Wedding Etiquette Forum

private ceremony in one state/reception in another

We are in our 40's and have been together 10 years and are planning wedding for 2017. His parents are in their 70's and cannot travel due to medical issues; my parents are younger and are willing and able.
Our thoughts are private ceremony here with only parents and siblings (about 12 of us total), followed by JUST a dinner. No bridal party; semi-casual dress (me: white informal dress with cowboy boots; him: nice jeans, dress shirt, vest), no dancing.
A week later we would like to go north and have the main reception/celebration with my family (about 50-70 guests), immediately followed by honeymoon.
I have read over and over about the etiquette of this, but there is no way with his parents' restrictions to do it all together. We want the first dance, the father/daughter dance, the cake cutting, etc.
I guess what I'm most unsure about is: do we do a vow renewal to help segue into the reception? It won't be a secret that we were officially married the week before; but my family LOVES the ceremonial aspect/traditions and especially loves the parties, so we want to make it the most enjoyable for all involved.

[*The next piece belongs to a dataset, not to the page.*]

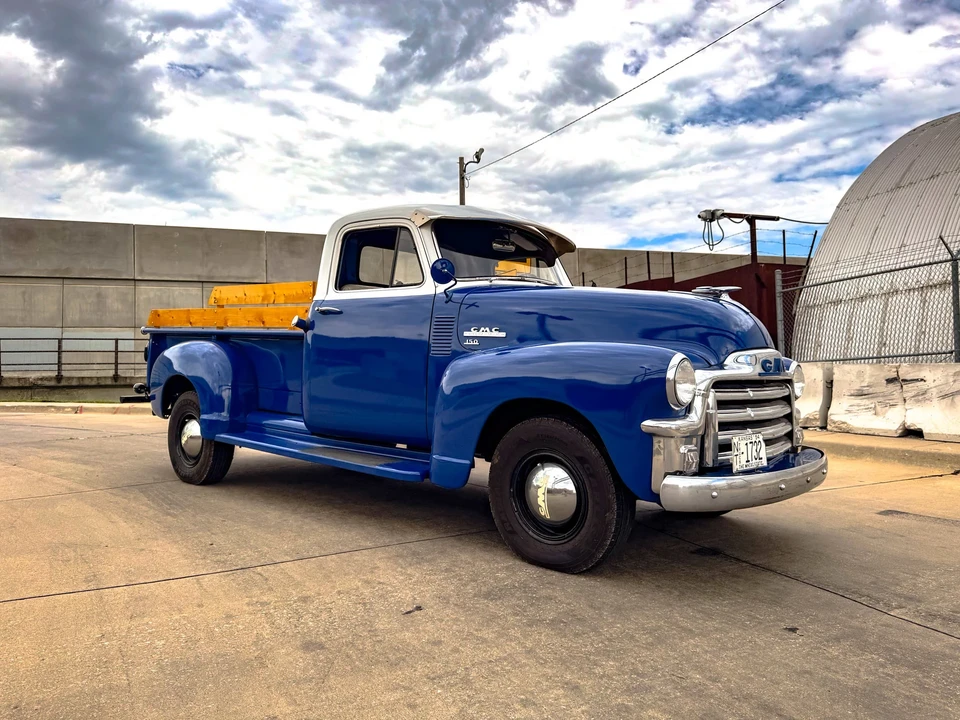 1954 GMC New Design - Image 16 of 31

Re: private ceremony in one state/reception in another

  • I mean, technically, it's not a wedding reception, and really just a party.  You could still dance with your husband--even a spotlight dance, I think, would be fine.  But it's not your first dance.  You also can dance with your father--but I wouldn't make that a spotlight dance.

    You can have cake.  Cake is always good at any party.  No one will object to cake.  I don't even see a big deal with cutting it either.  I would just make sure to stay away from things like bouquet toss, garter toss, and anything else that makes it seem like you guys are a new bride and groom.  Because you won't be.

    And honestly, that's what this comes down to.  Celebrating your marriage at the party is fine.  But you have to realize you'll no longer be bride and groom, so you can't act like you are.  

    I would NOT do a vow renewal so soon.  Vow renewals should be done on milestone anniversaries.  A vow renewal soon after marriage is just weird and hokey.  Just make it a party celebrating your new marriage.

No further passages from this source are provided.